The complaint alleges that for 35 years, up to and including this year’s Collective Bargaining Agreement with the NFL Players Association, the league has “continuously and vehemently denied that it knew, should have known or believed that there is any relationship between NFL players suffering concussions while playing, the NFL policies regarding tackling methodology or the NFL policies about return to play and long-term problems such as headaches, dizziness, dementia and/or Alzheimer’s disease that many retired players have experienced.
“Those denials have been stated in NFL publications, NFL sponsored so-called medical studies, testimony of NFL representatives before Congress and in the media in response to other reports suggesting a causal connection.”
The lawsuit claims that as far back as the early 1970s, the NFL started becoming aware of the relationship between concussions and the sport of football. It was also around this time that new helmet standards came into play.
Throughout the 1970s, 1980s and 1990s, the lawsuit states, NFL players were being “coached, trained and motivated to use all portions of their helmets to block, tackle, butt, spear, ram and/or injure opposing players by hitting with their helmeted heads.”
“These techniques were condoned by the NFL and/or not significantly condemned by the NFL, despite the defendant’s awareness that this practice was causing an increased risk in concussions among players,” the lawsuit states.
And while a rule was eventually passed that discouraged such practices, it was rarely enforced, the lawsuit maintains, since the NFL was more interested in keeping fans entertained.
The lawsuit claims that since the 1970s, the NFL has known that players suffering from repeated concussions were more likely to develop post-traumatic brain injuries, yet the league officially continues to deny any connection or correlation between players who have had concussions and long-term chronic brain injuries or illnesses.

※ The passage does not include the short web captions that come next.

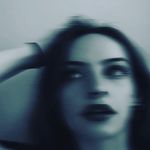 miss katie rose harwell :) - @kt.harwell - Instagram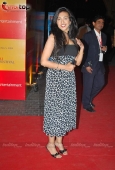 Preity zinta, Rituparna Sengupta & Big B at MAMI Awards closing night 1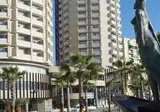El Puerto foto 21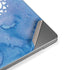 Mandala Symmetry Apple MacBook Pro 14-inch Skin
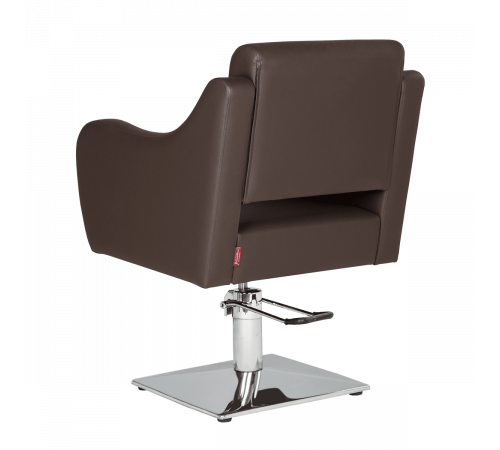Парикмахерское кресло МД-24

The NFL even went as far as to dispute the findings of a study it commissioned itself that showed former professional football players were being diagnosed with dementia or other memory-related diseases at a rate significantly higher than that of the general population, the suit states.
“The defendant’s … disputed these findings and continued the mantra in the Press that there is no evidence connecting concussions, concussion like symptoms, NFL football and long-term brain illness or injury …,” the lawsuit claims.
The plaintiffs in the case are as follows: Charles Ray Easterling and his wife, Mary Ann Easterling, of Richmond, VA; Wayne Radloff and his wife, Garland Radloff, of Hilton Head Island, SC; James McMahon of Scottsdale, AZ; Gerald Feehery of Media, Pa.; Joseph E. Thomas and his wife, Nicole Thomas, of Seattle, WA; Michael Thomas Furrey of Huntingdon, WV; and Steve Kiner and his wife, Carol Kiner, of Atlanta, Georgia.
The plaintiffs in the civil action seek certification of a nationwide class against the defendant for negligence and other wrongful conduct alleged in the complaint, which contains counts of concealment, civil conspiracy, negligence, medical monitoring, and other damages.
The action demands a trial by jury.
The federal case number is 2:11-cv-05209-AB.